** Data supplied follows **
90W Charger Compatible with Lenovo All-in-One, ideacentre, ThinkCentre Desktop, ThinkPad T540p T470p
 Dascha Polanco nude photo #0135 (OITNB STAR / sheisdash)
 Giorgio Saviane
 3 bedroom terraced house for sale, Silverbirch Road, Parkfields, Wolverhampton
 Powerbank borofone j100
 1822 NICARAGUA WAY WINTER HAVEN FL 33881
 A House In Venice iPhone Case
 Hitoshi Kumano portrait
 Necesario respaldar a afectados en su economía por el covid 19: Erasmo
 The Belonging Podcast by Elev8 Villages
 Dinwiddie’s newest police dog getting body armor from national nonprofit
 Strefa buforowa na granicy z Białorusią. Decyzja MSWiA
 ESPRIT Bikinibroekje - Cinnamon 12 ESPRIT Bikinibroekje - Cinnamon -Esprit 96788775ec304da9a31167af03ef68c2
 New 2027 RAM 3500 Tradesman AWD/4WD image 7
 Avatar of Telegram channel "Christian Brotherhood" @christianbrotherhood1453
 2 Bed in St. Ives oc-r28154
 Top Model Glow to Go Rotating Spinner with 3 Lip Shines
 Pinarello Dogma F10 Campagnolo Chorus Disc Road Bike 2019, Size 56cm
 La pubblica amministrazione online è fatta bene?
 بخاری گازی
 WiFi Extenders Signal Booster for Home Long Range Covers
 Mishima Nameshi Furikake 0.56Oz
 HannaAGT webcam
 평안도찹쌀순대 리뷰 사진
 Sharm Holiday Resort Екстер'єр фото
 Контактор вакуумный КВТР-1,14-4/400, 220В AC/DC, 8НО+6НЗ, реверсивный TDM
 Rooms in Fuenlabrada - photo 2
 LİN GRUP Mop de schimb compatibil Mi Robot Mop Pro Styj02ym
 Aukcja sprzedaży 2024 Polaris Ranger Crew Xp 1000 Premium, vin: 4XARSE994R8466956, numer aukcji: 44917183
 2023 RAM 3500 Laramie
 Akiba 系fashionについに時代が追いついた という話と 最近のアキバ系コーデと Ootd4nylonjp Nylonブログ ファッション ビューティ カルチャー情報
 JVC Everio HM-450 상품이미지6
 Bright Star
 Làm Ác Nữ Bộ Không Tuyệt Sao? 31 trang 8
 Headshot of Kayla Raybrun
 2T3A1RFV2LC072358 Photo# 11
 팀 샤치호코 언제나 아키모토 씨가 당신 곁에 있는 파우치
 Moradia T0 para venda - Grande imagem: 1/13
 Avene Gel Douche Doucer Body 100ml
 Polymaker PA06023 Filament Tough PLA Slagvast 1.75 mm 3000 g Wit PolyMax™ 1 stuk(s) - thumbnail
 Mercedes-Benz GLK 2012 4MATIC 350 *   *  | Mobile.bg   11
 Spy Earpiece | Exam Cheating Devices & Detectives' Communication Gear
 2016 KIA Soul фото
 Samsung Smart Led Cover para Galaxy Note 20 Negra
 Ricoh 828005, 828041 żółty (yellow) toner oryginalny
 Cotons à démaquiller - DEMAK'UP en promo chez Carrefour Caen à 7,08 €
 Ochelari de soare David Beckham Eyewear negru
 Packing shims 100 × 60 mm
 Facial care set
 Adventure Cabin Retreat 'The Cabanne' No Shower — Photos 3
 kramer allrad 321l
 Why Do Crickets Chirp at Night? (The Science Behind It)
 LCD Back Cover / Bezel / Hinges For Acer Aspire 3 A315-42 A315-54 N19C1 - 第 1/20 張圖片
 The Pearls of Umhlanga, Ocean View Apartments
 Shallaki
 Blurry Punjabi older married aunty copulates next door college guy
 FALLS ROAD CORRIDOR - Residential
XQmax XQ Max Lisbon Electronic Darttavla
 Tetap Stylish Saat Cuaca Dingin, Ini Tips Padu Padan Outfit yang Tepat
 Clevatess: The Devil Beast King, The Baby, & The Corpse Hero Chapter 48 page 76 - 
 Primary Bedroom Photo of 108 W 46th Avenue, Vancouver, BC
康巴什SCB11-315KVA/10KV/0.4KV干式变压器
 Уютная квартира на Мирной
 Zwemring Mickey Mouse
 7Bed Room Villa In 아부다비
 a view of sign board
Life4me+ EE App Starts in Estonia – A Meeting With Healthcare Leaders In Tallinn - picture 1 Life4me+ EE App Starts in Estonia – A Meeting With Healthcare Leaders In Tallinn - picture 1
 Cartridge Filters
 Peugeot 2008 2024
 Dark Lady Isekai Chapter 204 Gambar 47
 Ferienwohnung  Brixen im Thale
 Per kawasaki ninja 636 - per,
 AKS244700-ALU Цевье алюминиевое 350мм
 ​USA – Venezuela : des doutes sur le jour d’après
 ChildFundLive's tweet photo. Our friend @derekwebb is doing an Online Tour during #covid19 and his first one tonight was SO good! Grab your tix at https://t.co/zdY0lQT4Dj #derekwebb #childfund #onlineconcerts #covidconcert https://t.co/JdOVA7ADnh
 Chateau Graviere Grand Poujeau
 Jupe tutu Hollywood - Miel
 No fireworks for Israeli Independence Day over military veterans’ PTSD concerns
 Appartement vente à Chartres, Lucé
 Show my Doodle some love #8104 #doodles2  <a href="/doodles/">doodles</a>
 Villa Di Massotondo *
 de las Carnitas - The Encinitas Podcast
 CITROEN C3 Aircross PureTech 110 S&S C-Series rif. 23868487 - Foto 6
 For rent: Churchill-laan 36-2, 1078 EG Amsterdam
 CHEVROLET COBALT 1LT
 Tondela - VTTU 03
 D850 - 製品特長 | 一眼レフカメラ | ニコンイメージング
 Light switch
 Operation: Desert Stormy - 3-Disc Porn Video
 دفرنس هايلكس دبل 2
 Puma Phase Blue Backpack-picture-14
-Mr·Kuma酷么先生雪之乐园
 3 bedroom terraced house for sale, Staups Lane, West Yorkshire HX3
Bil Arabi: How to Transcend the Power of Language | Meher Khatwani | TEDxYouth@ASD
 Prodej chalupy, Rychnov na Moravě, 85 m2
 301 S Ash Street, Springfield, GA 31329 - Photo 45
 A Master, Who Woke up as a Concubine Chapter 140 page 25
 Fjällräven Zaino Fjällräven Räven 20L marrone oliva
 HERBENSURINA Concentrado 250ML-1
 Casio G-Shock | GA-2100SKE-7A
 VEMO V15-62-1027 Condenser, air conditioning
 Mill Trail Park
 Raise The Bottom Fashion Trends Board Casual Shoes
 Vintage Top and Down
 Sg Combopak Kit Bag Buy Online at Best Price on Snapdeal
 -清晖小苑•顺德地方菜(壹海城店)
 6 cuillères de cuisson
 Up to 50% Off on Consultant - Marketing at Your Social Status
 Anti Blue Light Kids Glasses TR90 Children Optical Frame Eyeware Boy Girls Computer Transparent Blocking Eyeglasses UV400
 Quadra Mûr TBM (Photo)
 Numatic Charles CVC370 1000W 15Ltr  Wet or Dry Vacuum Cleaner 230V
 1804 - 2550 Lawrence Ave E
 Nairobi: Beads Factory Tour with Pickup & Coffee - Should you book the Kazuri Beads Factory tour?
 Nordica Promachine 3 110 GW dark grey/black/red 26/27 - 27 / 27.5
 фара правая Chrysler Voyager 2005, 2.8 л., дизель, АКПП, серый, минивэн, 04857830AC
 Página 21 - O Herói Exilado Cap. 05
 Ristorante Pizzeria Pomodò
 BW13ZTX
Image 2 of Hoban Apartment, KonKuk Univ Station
** End of Data supplied **
**Problem requirements:** Start at the first line of the material. Reproduce every line exactly, ending with the line that holds "Headshot of Kayla Raybrun".

**Expected answer:**
90W Charger Compatible with Lenovo All-in-One, ideacentre, ThinkCentre Desktop, ThinkPad T540p T470p
 Dascha Polanco nude photo #0135 (OITNB STAR / sheisdash)
 Giorgio Saviane
 3 bedroom terraced house for sale, Silverbirch Road, Parkfields, Wolverhampton
 Powerbank borofone j100
 1822 NICARAGUA WAY WINTER HAVEN FL 33881
 A House In Venice iPhone Case
 Hitoshi Kumano portrait
 Necesario respaldar a afectados en su economía por el covid 19: Erasmo
 The Belonging Podcast by Elev8 Villages
 Dinwiddie’s newest police dog getting body armor from national nonprofit
 Strefa buforowa na granicy z Białorusią. Decyzja MSWiA
 ESPRIT Bikinibroekje - Cinnamon 12 ESPRIT Bikinibroekje - Cinnamon -Esprit 96788775ec304da9a31167af03ef68c2
 New 2027 RAM 3500 Tradesman AWD/4WD image 7
 Avatar of Telegram channel "Christian Brotherhood" @christianbrotherhood1453
 2 Bed in St. Ives oc-r28154
 Top Model Glow to Go Rotating Spinner with 3 Lip Shines
 Pinarello Dogma F10 Campagnolo Chorus Disc Road Bike 2019, Size 56cm
 La pubblica amministrazione online è fatta bene?
 بخاری گازی
 WiFi Extenders Signal Booster for Home Long Range Covers
 Mishima Nameshi Furikake 0.56Oz
 HannaAGT webcam
 평안도찹쌀순대 리뷰 사진
 Sharm Holiday Resort Екстер'єр фото
 Контактор вакуумный КВТР-1,14-4/400, 220В AC/DC, 8НО+6НЗ, реверсивный TDM
 Rooms in Fuenlabrada - photo 2
 LİN GRUP Mop de schimb compatibil Mi Robot Mop Pro Styj02ym
 Aukcja sprzedaży 2024 Polaris Ranger Crew Xp 1000 Premium, vin: 4XARSE994R8466956, numer aukcji: 44917183
 2023 RAM 3500 Laramie
 Akiba 系fashionについに時代が追いついた という話と 最近のアキバ系コーデと Ootd4nylonjp Nylonブログ ファッション ビューティ カルチャー情報
 JVC Everio HM-450 상품이미지6
 Bright Star
 Làm Ác Nữ Bộ Không Tuyệt Sao? 31 trang 8
 Headshot of Kayla Raybrun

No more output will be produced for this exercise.